* **Activity**: The lines to extract begin at the line that contains "A group of students" and run through the last line of the listing; reproduce them exactly, minus any pictures.

* **Information shown**:
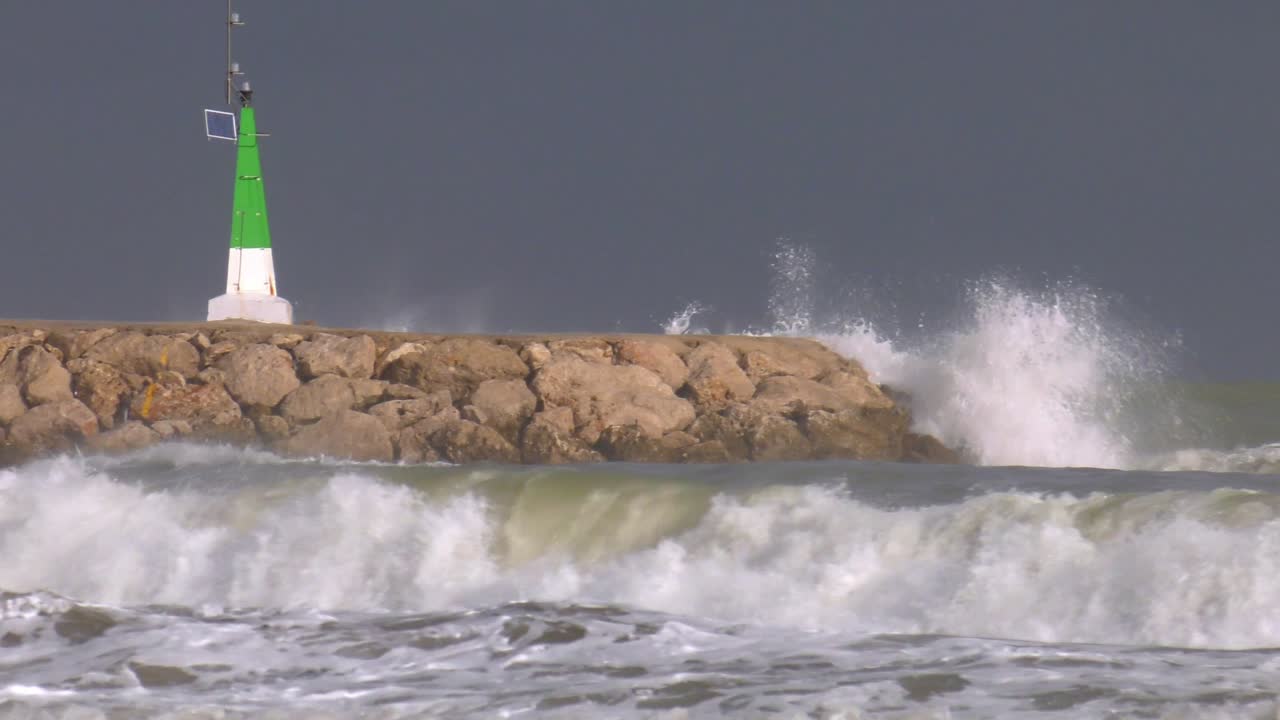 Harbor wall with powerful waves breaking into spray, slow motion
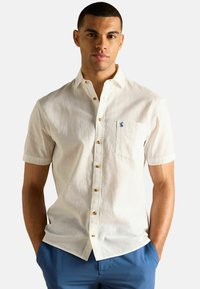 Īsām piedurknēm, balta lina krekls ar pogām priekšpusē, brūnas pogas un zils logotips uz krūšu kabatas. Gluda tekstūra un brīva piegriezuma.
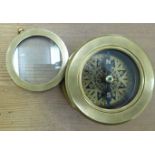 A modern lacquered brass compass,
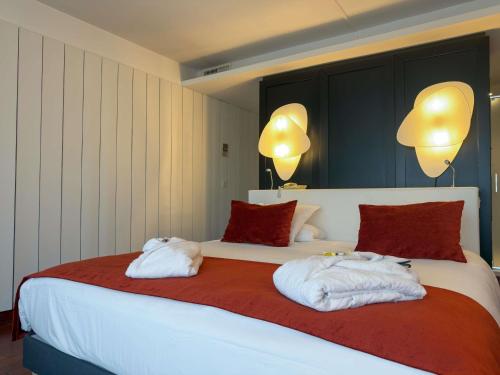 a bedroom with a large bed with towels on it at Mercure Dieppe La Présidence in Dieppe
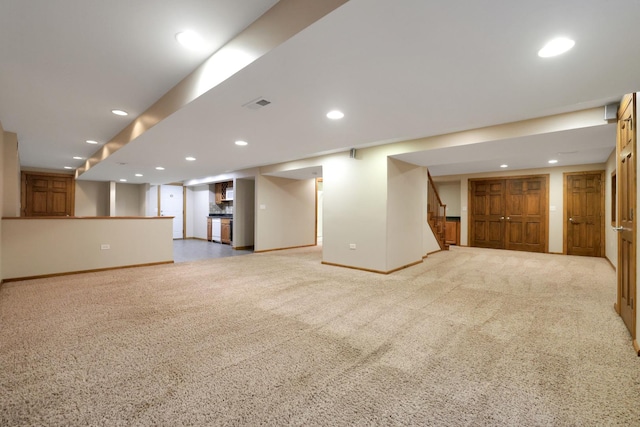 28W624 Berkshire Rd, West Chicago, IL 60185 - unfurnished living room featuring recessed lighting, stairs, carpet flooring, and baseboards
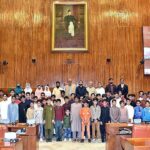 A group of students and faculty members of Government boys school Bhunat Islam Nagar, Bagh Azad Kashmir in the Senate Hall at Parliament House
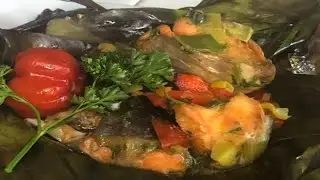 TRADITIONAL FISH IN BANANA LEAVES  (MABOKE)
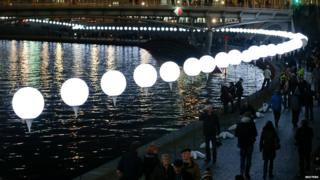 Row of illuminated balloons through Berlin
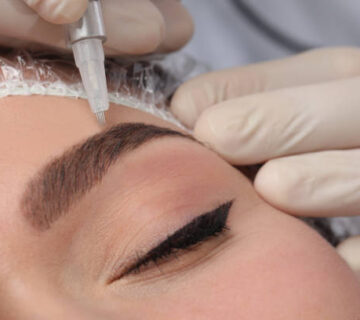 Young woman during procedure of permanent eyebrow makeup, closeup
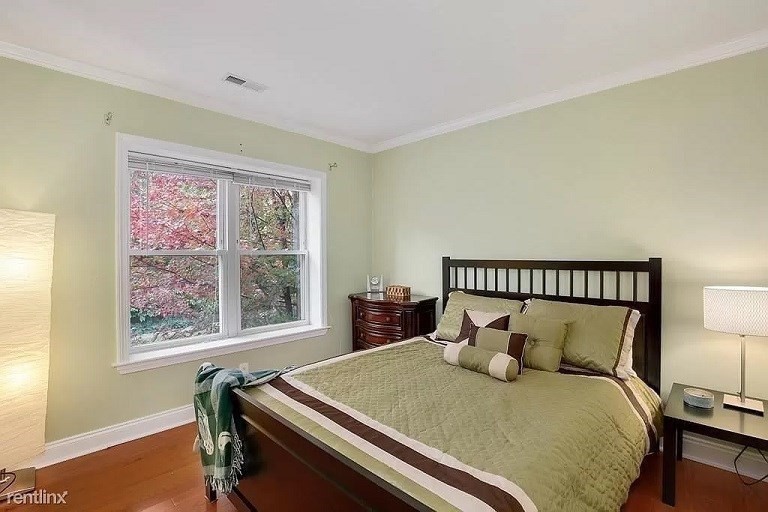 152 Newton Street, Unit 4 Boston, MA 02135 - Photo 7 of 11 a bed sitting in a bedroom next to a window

* **Exercise answer**:
 A group of students and faculty members of Government boys school Bhunat Islam Nagar, Bagh Azad Kashmir in the Senate Hall at Parliament House
 TRADITIONAL FISH IN BANANA LEAVES  (MABOKE)
 Row of illuminated balloons through Berlin
 Young woman during procedure of permanent eyebrow makeup, closeup
 152 Newton Street, Unit 4 Boston, MA 02135 - Photo 7 of 11 a bed sitting in a bedroom next to a window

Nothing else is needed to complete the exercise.